Series Stationarization Techniques

Updated 18 January 2026

Series stationarization is a set of techniques that transforms non-stationary time series into stable data with constant mean and variance, facilitating robust forecasting.
Key methods include differencing, detrending, and normalization-based approaches such as window-wise z-scoring and learned compensation to mitigate over-stationarization.
Applications span statistical signal processing, econometrics, and deep neural forecasting models, improving prediction accuracy and model stability.

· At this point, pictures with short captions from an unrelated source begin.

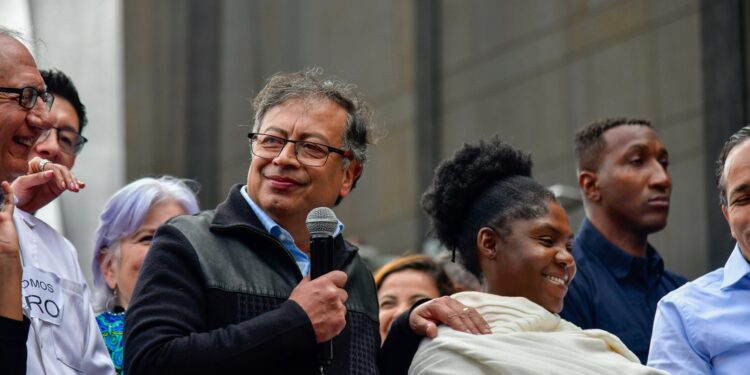 Presidente Gustavo Petro apeló al aspecto social de reformas para pedir apoyo y se defendió de las acusaciones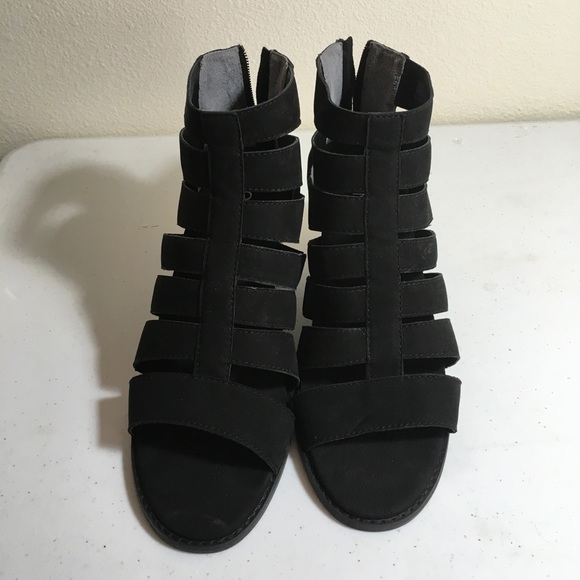 Vionic Shoes - NWOT Strappy VIONIC Heels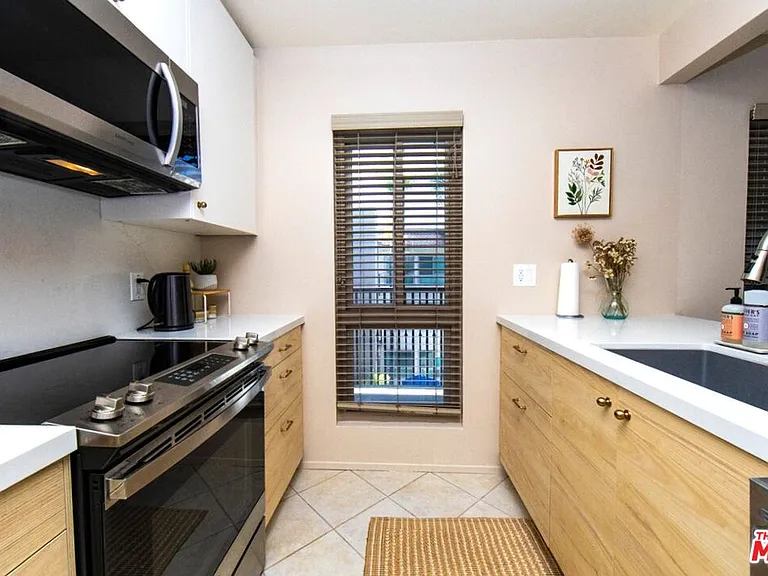 6001 Canterbury Dr #303 — Photo 13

Series stationarization is a family of techniques that transform non-stationary time series into a form with more stable statistical properties—specifically, constant mean and variance—so that modeling and forecasting tasks become more tractable. While classical methods rely on differencing, detrending, or seasonal adjustment, most recent advances focus on normalization-based approaches for deep learning, and on frameworks that retain and re-inject informative non-stationarity to avoid the widely observed problem of over-stationarization. Stationarization is now central to statistical signal processing, econometrics, and virtually all modern deep learning architectures for real-world temporal data.

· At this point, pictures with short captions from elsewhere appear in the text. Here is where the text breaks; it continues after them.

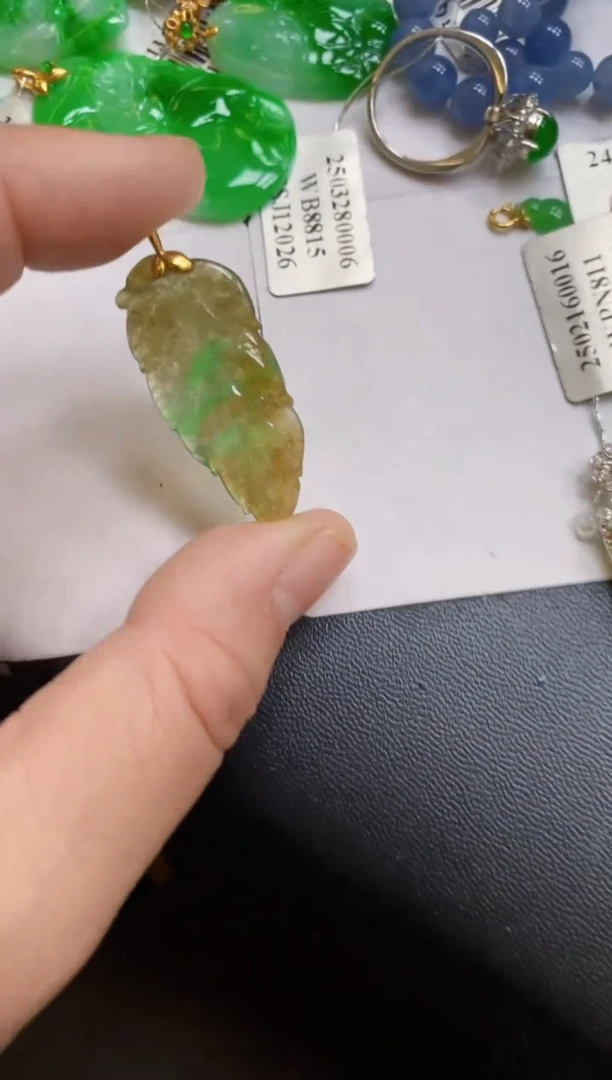 翡翠18K金镶嵌颈饰吊坠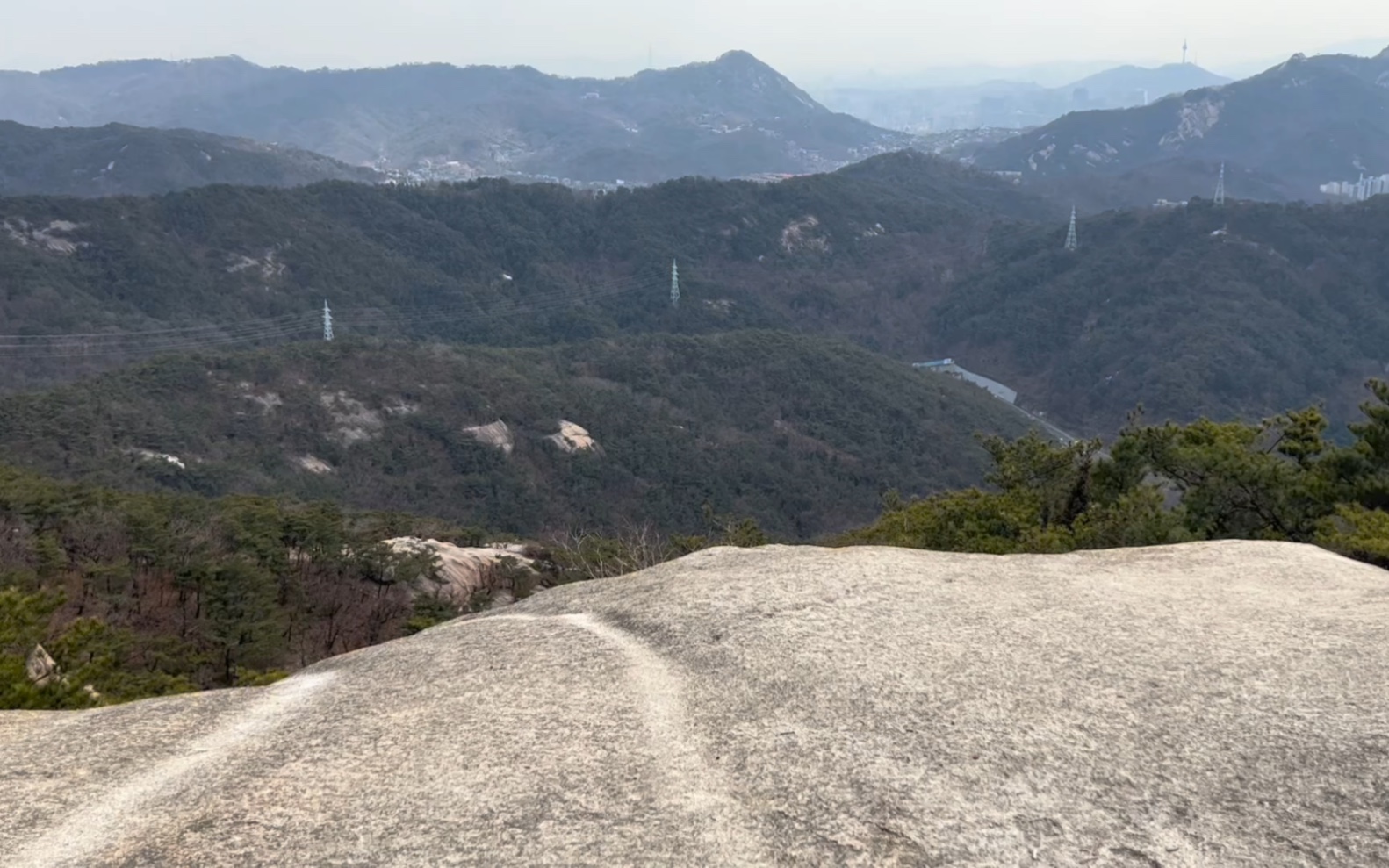 韩国这边山真有意思,连个台阶都不给修,爬的是韩国首尔市区内的北汉山,但感觉还不错!哔哩哔哩bilibili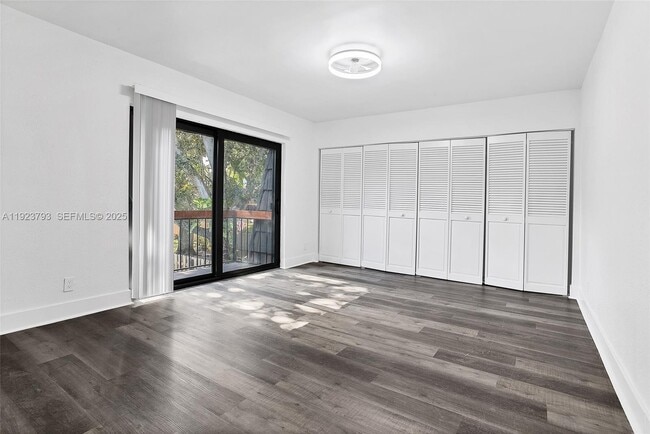 Building Photo - 4059 Palm Bay Cir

1. Formal Definition of Stationarity and Motivation

A (univariate or multivariate) time series $(X_t)_{t\in\mathbb{Z}}$ is weakly stationary if its mean $\mu = E[X_t]$ is constant over time, its variance $\gamma(0) = \mathrm{Var}(X_t) < \infty$ is finite and invariant, and the autocovariance $\mathrm{Cov}(X_t, X_{t+k}) = \gamma(k)$ depends only on the lag $k$ , not on $t$ (Wang et al., 2024). Most real-world time series are non-stationary, with time-varying mean, variance, or higher moments.

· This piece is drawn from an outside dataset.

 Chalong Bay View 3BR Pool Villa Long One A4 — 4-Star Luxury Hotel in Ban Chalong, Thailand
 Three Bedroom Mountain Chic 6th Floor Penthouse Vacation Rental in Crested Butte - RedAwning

Non-stationarity introduces severe challenges: the presence of distributional drift impedes the ability of statistical and machine learning models to generalize, results in unstable parameters, and leads to large prediction errors. Series stationarization tackles this by pre-processing data to stabilize moments and reduce covariate shift (Liu et al., 2022, Sonmezer et al., 24 Apr 2025).

2. Core Methods for Series Stationarization

Z-score Normalization (Window-based or Instance-wise)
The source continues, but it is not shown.